--- START ---
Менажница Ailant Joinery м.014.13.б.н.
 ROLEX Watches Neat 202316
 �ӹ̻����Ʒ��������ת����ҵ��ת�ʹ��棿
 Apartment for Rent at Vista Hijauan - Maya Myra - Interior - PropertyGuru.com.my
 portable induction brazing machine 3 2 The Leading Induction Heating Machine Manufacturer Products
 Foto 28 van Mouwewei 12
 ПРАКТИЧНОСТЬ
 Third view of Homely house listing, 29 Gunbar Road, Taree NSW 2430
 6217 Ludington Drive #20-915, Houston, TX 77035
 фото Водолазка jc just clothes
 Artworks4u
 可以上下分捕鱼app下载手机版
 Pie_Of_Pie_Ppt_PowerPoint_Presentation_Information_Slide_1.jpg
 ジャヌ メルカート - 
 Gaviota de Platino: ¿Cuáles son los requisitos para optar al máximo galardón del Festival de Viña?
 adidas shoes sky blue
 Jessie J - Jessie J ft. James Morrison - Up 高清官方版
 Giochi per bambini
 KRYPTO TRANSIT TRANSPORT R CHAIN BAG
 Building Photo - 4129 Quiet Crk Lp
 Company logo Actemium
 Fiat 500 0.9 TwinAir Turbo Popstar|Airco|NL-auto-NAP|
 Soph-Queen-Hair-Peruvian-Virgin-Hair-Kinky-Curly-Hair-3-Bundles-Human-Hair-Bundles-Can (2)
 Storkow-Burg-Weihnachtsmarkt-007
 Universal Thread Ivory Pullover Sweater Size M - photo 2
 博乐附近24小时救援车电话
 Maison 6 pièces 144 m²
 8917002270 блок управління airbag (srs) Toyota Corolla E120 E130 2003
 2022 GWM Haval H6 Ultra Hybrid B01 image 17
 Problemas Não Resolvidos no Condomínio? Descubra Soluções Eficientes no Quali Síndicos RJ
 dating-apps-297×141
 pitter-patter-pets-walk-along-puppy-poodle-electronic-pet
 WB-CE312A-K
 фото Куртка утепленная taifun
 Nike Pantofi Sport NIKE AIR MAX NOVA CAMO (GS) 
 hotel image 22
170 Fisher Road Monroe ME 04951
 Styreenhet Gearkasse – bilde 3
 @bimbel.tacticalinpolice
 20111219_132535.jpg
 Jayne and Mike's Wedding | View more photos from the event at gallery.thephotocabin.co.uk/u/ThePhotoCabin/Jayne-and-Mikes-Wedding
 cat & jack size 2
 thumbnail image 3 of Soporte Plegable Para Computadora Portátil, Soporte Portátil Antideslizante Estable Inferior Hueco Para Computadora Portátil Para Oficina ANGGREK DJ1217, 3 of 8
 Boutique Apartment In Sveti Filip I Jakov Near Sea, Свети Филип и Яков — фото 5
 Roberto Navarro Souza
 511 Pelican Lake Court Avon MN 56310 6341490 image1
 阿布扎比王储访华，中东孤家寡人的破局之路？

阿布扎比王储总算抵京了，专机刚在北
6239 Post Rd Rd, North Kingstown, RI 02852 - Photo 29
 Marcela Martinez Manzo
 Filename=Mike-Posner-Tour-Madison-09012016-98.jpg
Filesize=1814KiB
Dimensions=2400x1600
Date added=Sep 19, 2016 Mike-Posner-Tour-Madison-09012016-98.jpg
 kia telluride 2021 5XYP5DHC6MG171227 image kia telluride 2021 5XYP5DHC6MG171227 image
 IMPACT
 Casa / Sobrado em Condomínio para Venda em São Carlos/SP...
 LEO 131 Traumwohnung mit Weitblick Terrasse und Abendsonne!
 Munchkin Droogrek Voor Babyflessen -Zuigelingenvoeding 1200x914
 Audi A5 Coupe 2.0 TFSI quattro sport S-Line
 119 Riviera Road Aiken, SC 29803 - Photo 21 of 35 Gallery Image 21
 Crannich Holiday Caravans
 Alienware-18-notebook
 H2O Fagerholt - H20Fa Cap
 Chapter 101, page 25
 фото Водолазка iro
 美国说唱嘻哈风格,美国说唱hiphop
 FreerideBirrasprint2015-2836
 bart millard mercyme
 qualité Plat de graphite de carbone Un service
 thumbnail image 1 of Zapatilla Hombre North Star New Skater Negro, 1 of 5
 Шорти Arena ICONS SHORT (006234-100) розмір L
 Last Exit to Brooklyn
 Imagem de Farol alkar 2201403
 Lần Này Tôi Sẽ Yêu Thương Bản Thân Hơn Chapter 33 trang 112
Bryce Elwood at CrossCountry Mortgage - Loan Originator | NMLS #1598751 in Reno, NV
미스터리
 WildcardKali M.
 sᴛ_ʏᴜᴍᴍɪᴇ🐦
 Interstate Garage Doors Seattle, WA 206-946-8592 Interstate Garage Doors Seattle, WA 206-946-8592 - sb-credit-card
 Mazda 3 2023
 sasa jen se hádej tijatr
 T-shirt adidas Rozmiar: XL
--- END ---
The required output is the exact run of lines from the beginning of the records to the line with "8917002270 блок управління", that line included.

Менажница Ailant Joinery м.014.13.б.н.
 ROLEX Watches Neat 202316
 �ӹ̻����Ʒ��������ת����ҵ��ת�ʹ��棿
 Apartment for Rent at Vista Hijauan - Maya Myra - Interior - PropertyGuru.com.my
 portable induction brazing machine 3 2 The Leading Induction Heating Machine Manufacturer Products
 Foto 28 van Mouwewei 12
 ПРАКТИЧНОСТЬ
 Third view of Homely house listing, 29 Gunbar Road, Taree NSW 2430
 6217 Ludington Drive #20-915, Houston, TX 77035
 фото Водолазка jc just clothes
 Artworks4u
 可以上下分捕鱼app下载手机版
 Pie_Of_Pie_Ppt_PowerPoint_Presentation_Information_Slide_1.jpg
 ジャヌ メルカート - 
 Gaviota de Platino: ¿Cuáles son los requisitos para optar al máximo galardón del Festival de Viña?
 adidas shoes sky blue
 Jessie J - Jessie J ft. James Morrison - Up 高清官方版
 Giochi per bambini
 KRYPTO TRANSIT TRANSPORT R CHAIN BAG
 Building Photo - 4129 Quiet Crk Lp
 Company logo Actemium
 Fiat 500 0.9 TwinAir Turbo Popstar|Airco|NL-auto-NAP|
 Soph-Queen-Hair-Peruvian-Virgin-Hair-Kinky-Curly-Hair-3-Bundles-Human-Hair-Bundles-Can (2)
 Storkow-Burg-Weihnachtsmarkt-007
 Universal Thread Ivory Pullover Sweater Size M - photo 2
 博乐附近24小时救援车电话
 Maison 6 pièces 144 m²
 8917002270 блок управління airbag (srs) Toyota Corolla E120 E130 2003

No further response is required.